Balancing competing human rights and interests is a complex exercise for legislators. When the subject is the right to privacy, giving effect to a new law can be even trickier. The enactment of the Protection of Personal Information Act (PoPIA) in 2013 is a prime example.
In a sector that utilises new integrated technology to surveil and protect citizens and businesses, leading security companies must stay on the cutting-edge of smart solutions, on the one hand, and comply with privacy laws on the other hand. Amid a competitive race to rollout ‘big brother’ technology, the industry must weigh competing interests to ensure they do not breach privacy laws.
Select sections of PoPIA have come into effect, but many of the provisions that create compliance requirements have yet to commence. Uncertainty about when the law will be fully implemented is no reason for the industry to delay implementing operational regime changes. Those slow off the mark risk being left behind by advances in the dual realms of technology and regulation.
As a starting point, businesses must read the Information Regulator’s PoPIA guidelines specifying the duties and responsibilities of ‘information officers’, who are essentially a company’s point person on all matters related to information security.
A security company with a national footprint in residential and commercial markets, such as Fidelity ADT, has already started examining its policies and procedures to ensure it’s aligned with PoPIA. The company’s integrated solutions for office parks and commercial business premises include visual verification monitoring, CCTV surveillance, and vehicle tracking.
Fidelity ADT uses a locally produced motion-activated recording system developed by SecuVue. “With the systems in place at commercial properties, we can use facial recognition technology to compare images against a detailed database of ‘persons of interest’ when the need arises,” says Clive van Ryneveld, Fidelity ADT commercial executive. The system was built for the South African market ensuring seamless integration into existing infrastructure. The cameras are monitored by the Fidelity ADT control room operator, reducing the risk of false alarms.
‘Smart analytics algorithms’ automatically verify information, reducing the need for human intervention, he adds.
Van Ryneveld says Fidelity ADT’s commercial offerings are centrally controlled and operated so its systems are ready for PoPIA. “In the meantime, we are auditing how our electronic systems and employees gather information.”

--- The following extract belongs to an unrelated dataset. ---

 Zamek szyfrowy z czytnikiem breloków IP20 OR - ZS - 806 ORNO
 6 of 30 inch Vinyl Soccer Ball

Fidelity ADT employees are also restricted in terms of the type of information they are allowed to access, edit or collect. “This is driven by a system and authorisation protocol, internal policies and procedures.” As a security provider, Van Ryneveld says, the company regards customer information as highly confidential, so safeguards and automatic audit trails are embedded into its system.
The remaining sections of PoPIA will only commence once the Information Regulator is fully operational, which could be at the end of 2018. When the President proclaims the commencement date, businesses will have a grace period of one year before enforcement begins.